The diameter of a sphere is measured using a vernier caliper whose 9 divisions of main scale are equal to 10 divisions of vernier scale. The shortest division on the main scale is equal to $$1 \text{ mm}$$. The main scale reading is $$2 \text{ cm}$$ and second division of vernier scale coincides with a division on main scale. If mass of the sphere is $$8.635 \text{ g}$$, the density of the sphere is:

We need to find the density of a sphere measured with a vernier caliper.

9 main scale divisions = 10 vernier scale divisions. Smallest main scale division = 1 mm.

$$\text{LC} = 1 \text{ MSD} - 1 \text{ VSD} = 1 - \frac{9}{10} = 0.1 \text{ mm} = 0.01 \text{ cm}$$

Main scale reading = 2 cm.

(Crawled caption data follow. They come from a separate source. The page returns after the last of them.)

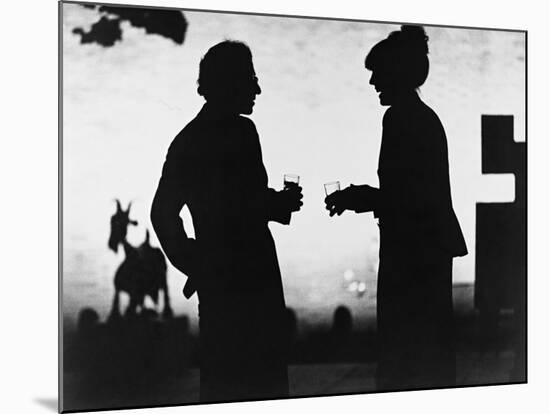 Woody Allen, Diane Keaton, Manhattan, 1979-null-Mounted Photographic Print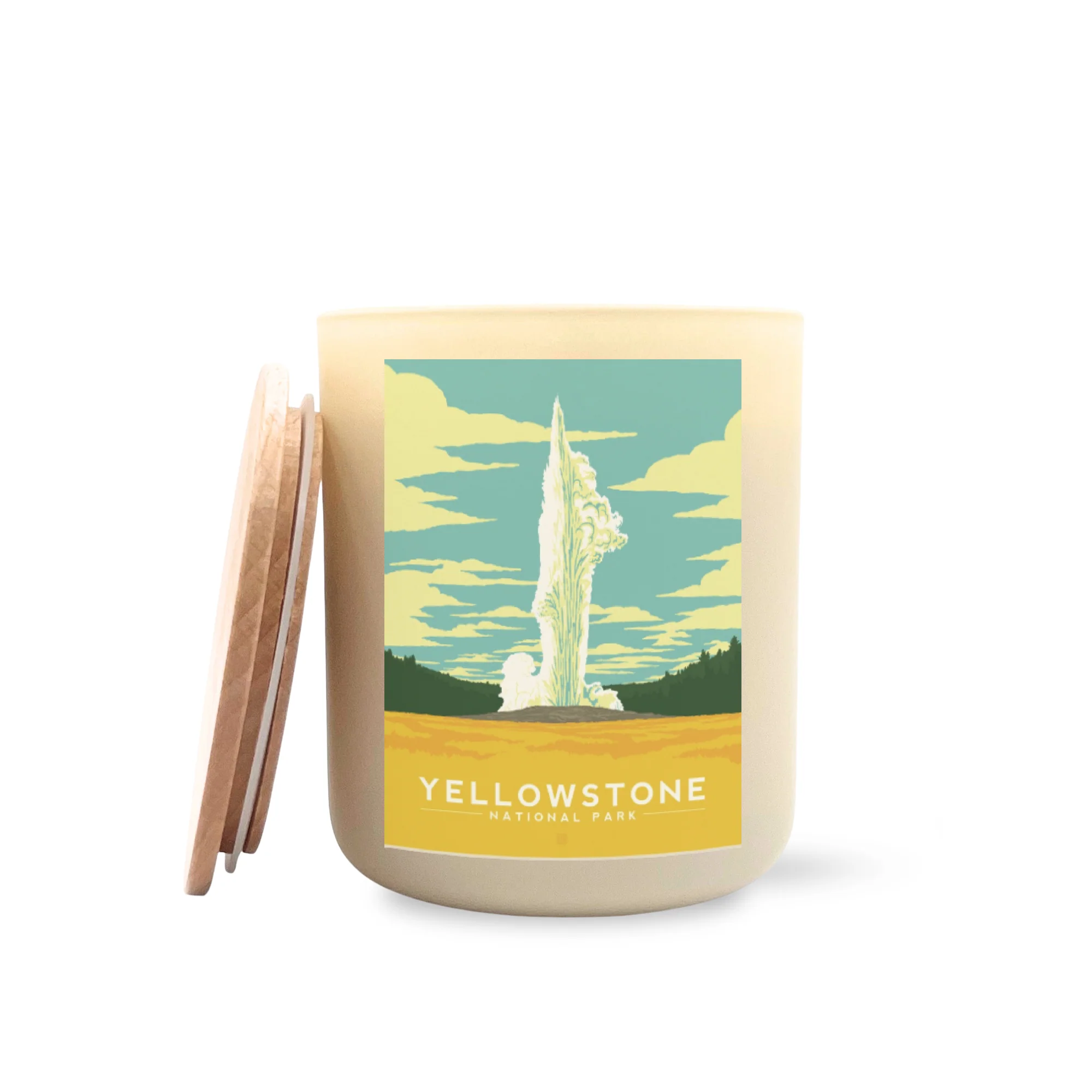 Yellowstone National Parks Large Printed Candle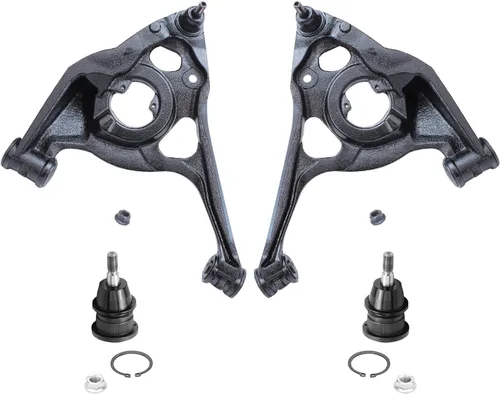 Vista 60 de Detroit Axle - Kit de brazos de control inferiores delanteros para Dodge Dart 2013, 2014, 2015, 2016, 2 brazos de control inferiores con ensamblaje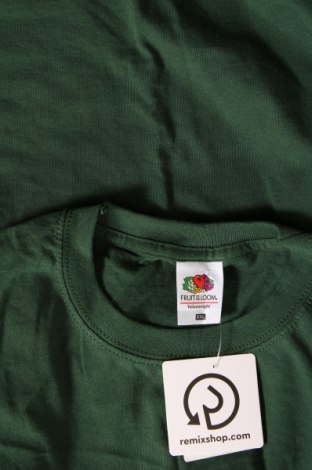 Herren T-Shirt Fruit Of The Loom, Größe XXL, Farbe Grün, Preis 6,65 €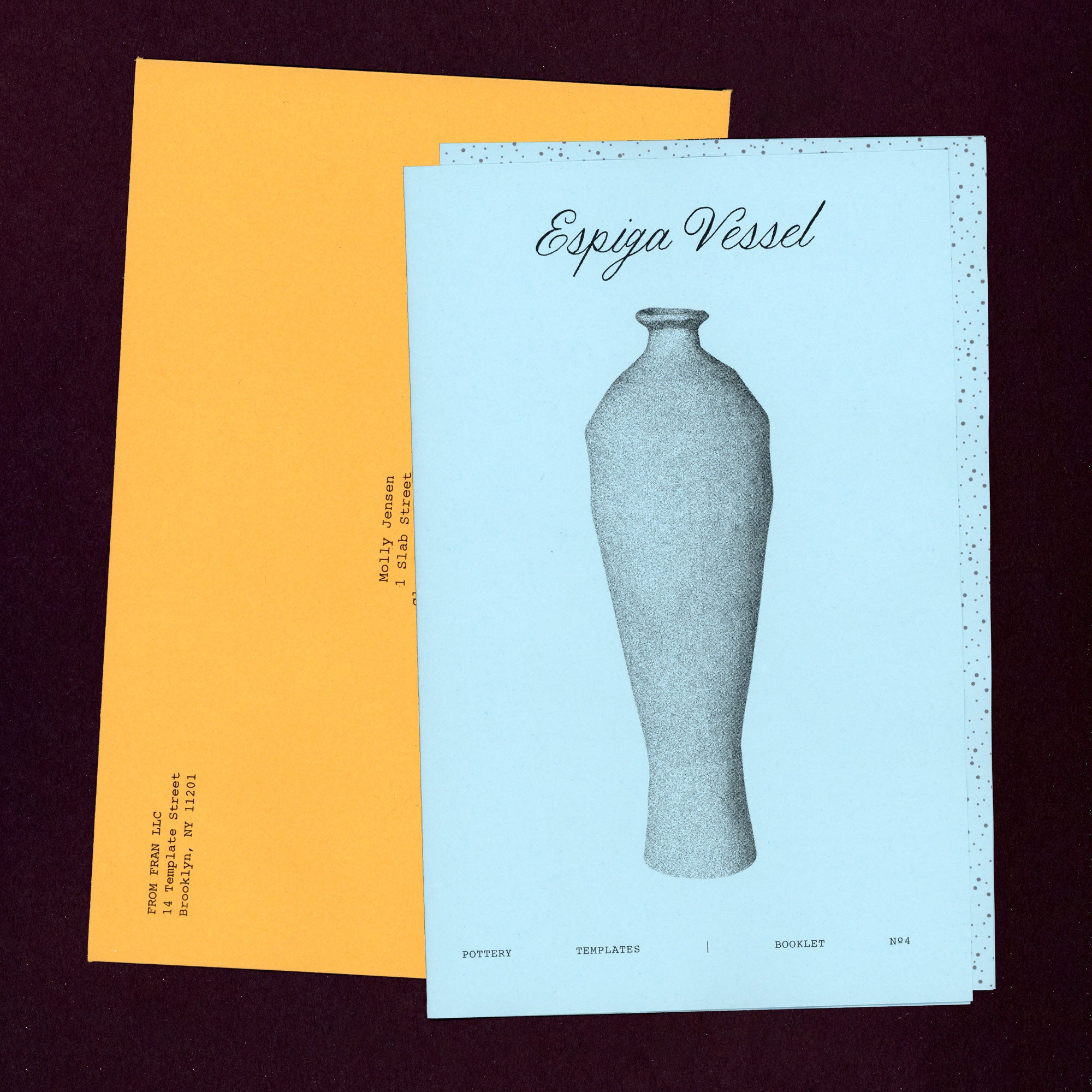Espiga Bud Vase — Booklet Nº4
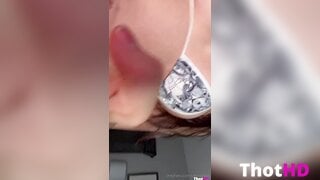 Athenakami bikini close-up tongue out ass OF Video
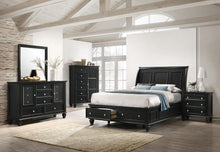 Load image into Gallery viewer, Sandy Beach Storage 4-Piece Eastern King Bedroom Set with Sleigh Headboard
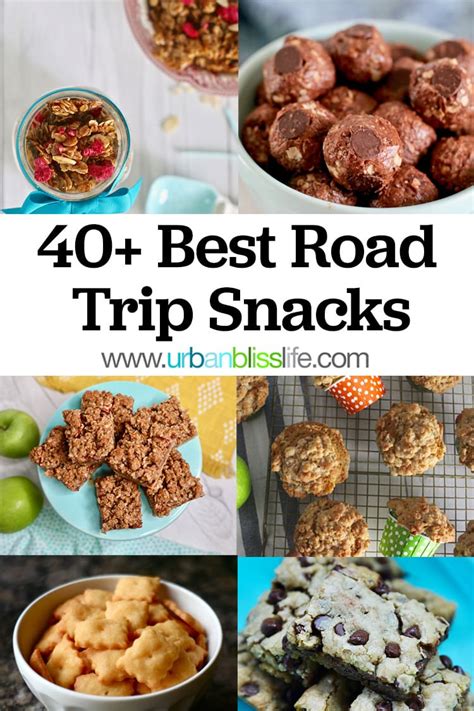 40 Best Road Trip Snacks Artofit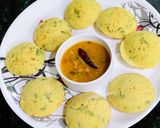 A picture of step 5 of Moong Dal, Veggies Idlis.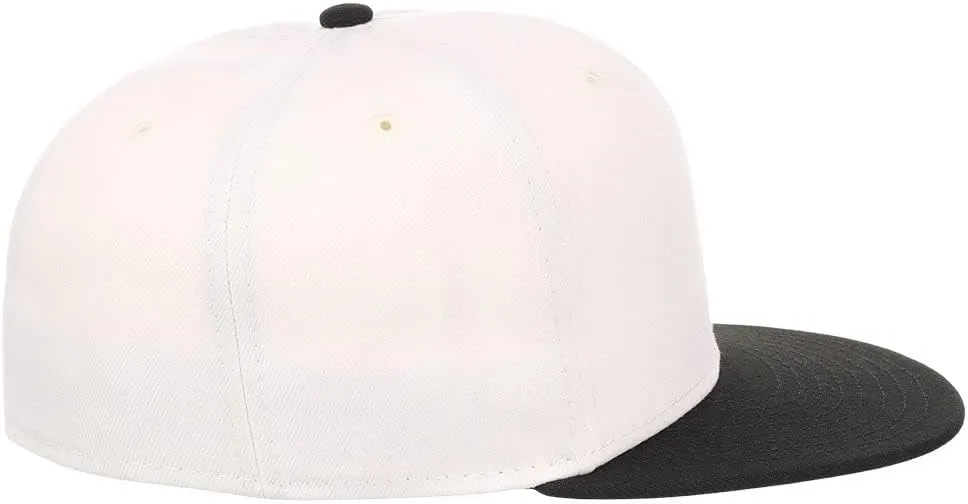 Lids Blank Premium Full Court w/Colored Under Visor Fitted Cap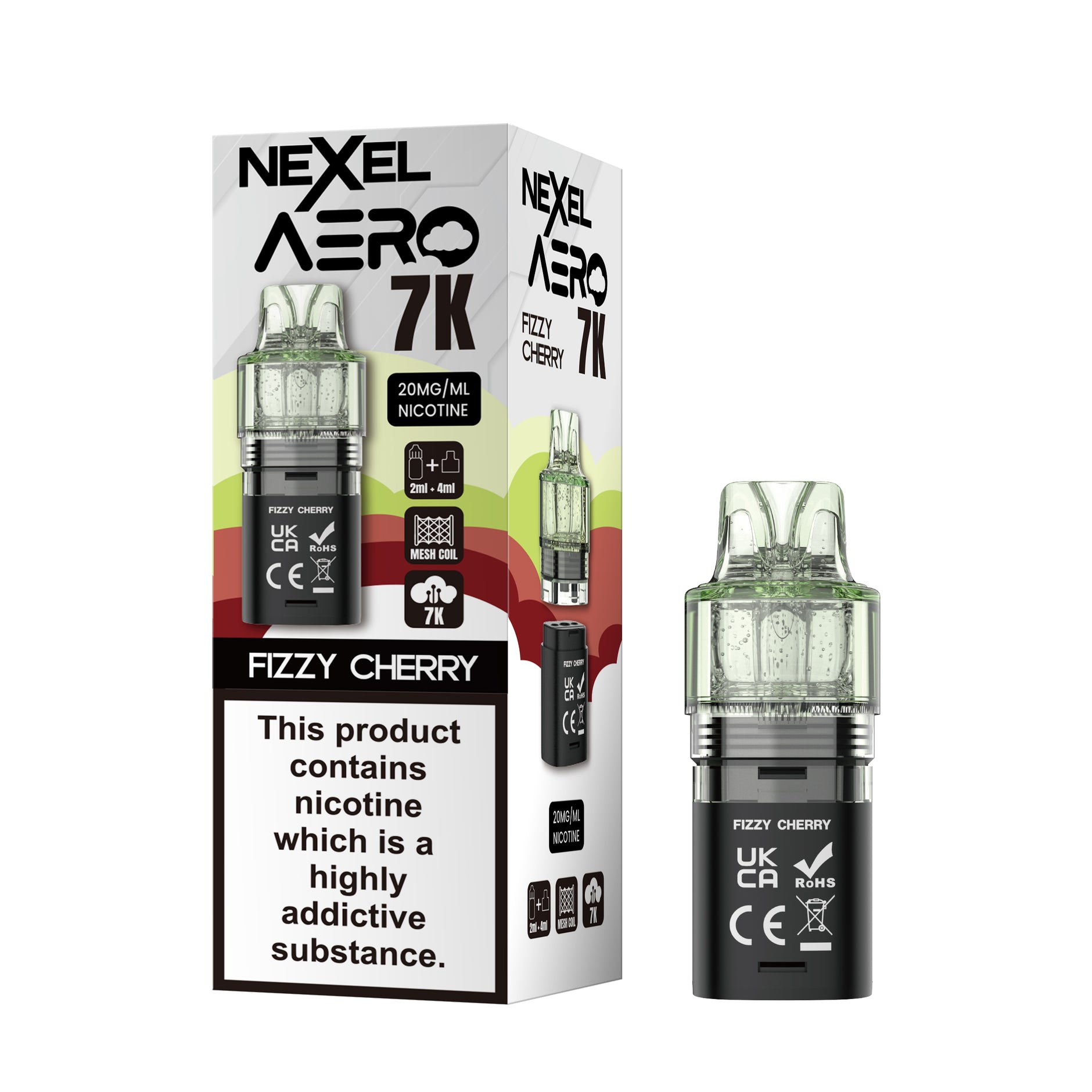 NEXEL AERO POD FIZZY CHERRY (10) Main image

Vernier coincidence = 2nd division.

$$d = \text{MSR} + \text{VSR} \times \text{LC} = 2 + 2 \times 0.01 = 2.02 \text{ cm}$$

Radius: $$r = 1.01$$ cm.

$$V = \frac{4}{3}\pi r^3 = \frac{4}{3} \times \frac{22}{7} \times (1.01)^3$$

$$(1.01)^3 \approx 1.0303$$

$$V = \frac{4}{3} \times 3.1416 \times 1.0303 \approx 4.32 \text{ cm}^3$$

$$\rho = \frac{m}{V} = \frac{8.635}{4.32} \approx 2.0 \text{ g/cm}^3$$

The correct answer is Option (1): 2.0 g/cm$$^3$$.